(Source data begins)
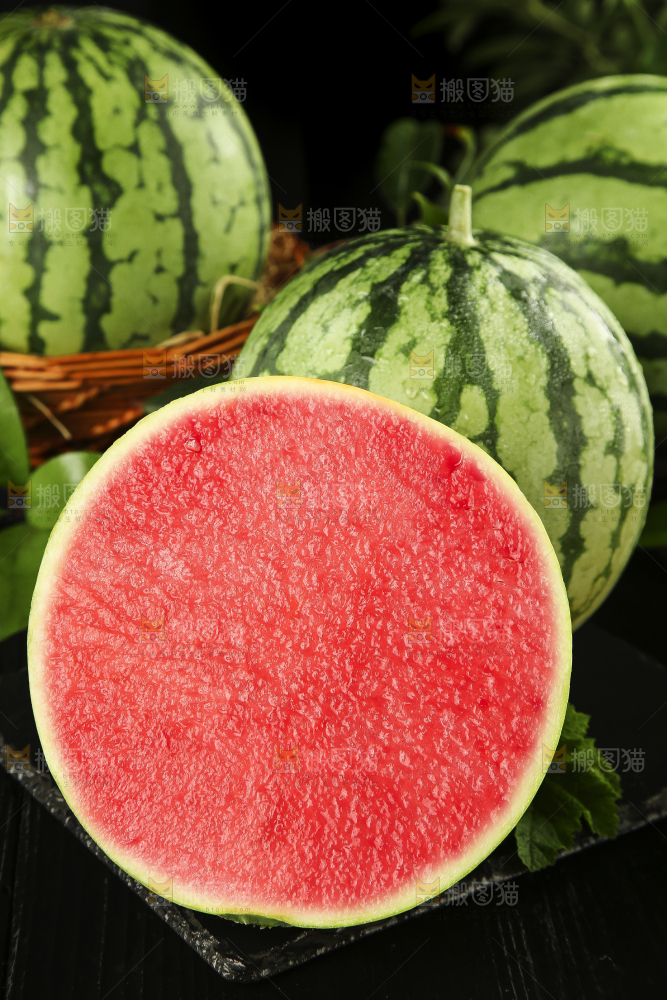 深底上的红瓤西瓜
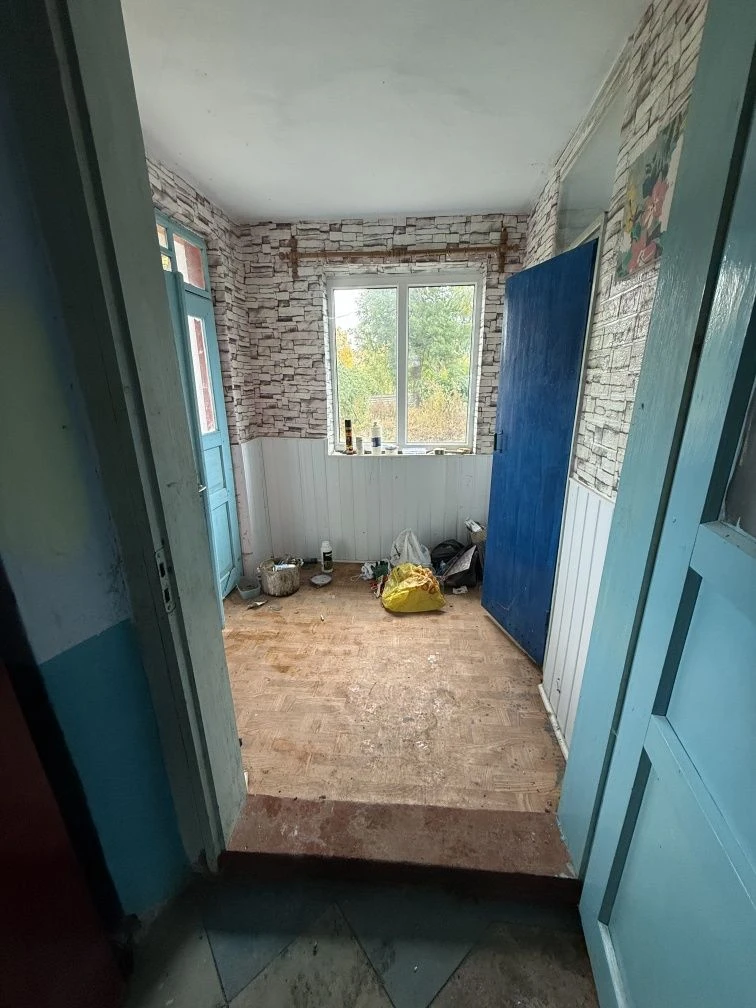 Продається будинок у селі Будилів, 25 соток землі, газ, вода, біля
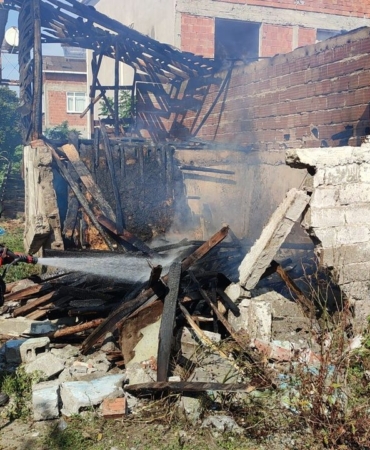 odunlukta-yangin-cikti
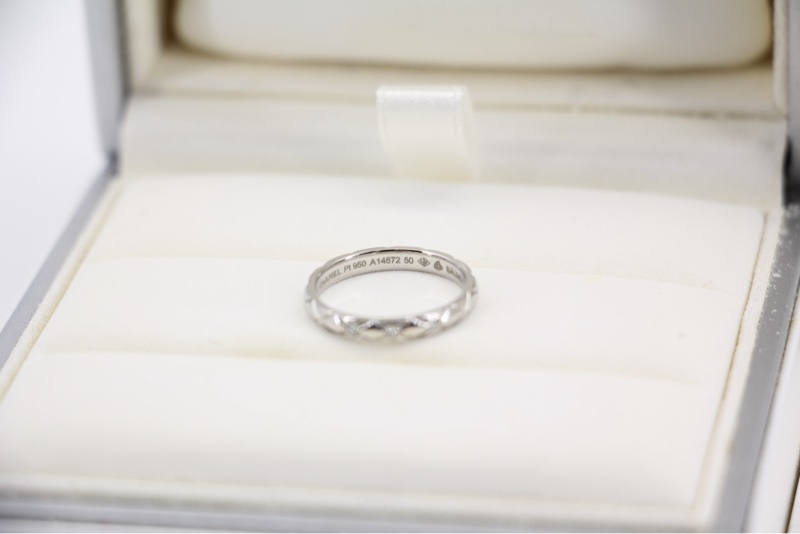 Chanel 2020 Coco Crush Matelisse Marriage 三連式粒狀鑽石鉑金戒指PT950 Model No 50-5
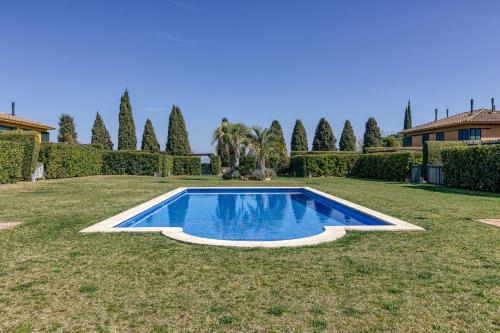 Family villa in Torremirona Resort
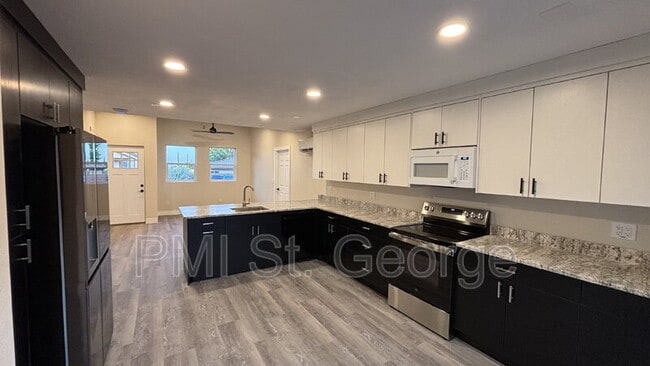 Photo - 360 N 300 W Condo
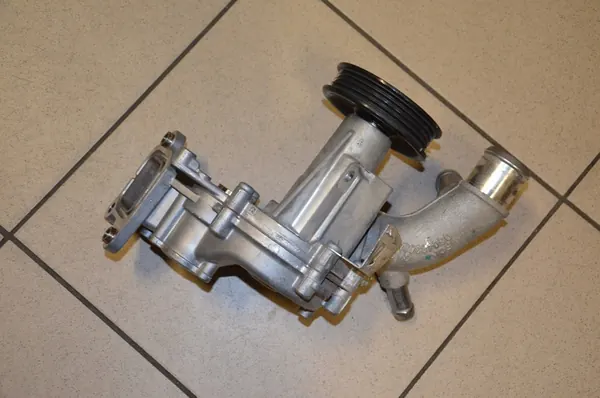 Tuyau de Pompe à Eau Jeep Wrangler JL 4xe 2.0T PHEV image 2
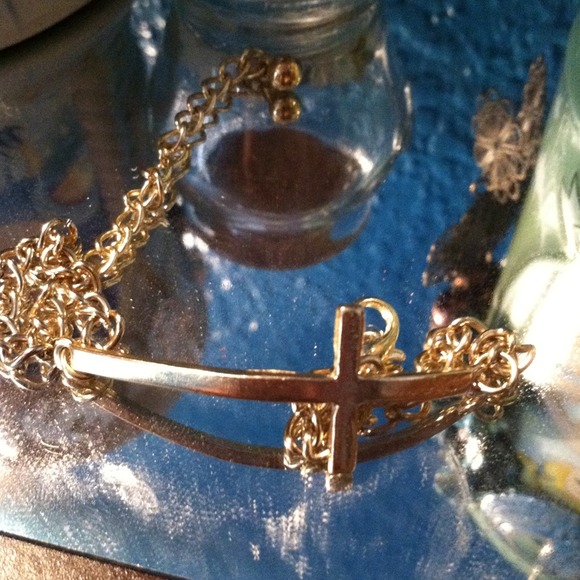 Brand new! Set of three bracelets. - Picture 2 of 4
(Source data ends)
**Your goal**: Leave out the pictures and print each record exactly as it stands.

**Response to the exercise**:
 深底上的红瓤西瓜
 Продається будинок у селі Будилів, 25 соток землі, газ, вода, біля
 odunlukta-yangin-cikti
 Chanel 2020 Coco Crush Matelisse Marriage 三連式粒狀鑽石鉑金戒指PT950 Model No 50-5
 Family villa in Torremirona Resort
 Photo - 360 N 300 W Condo
 Tuyau de Pompe à Eau Jeep Wrangler JL 4xe 2.0T PHEV image 2
 Brand new! Set of three bracelets. - Picture 2 of 4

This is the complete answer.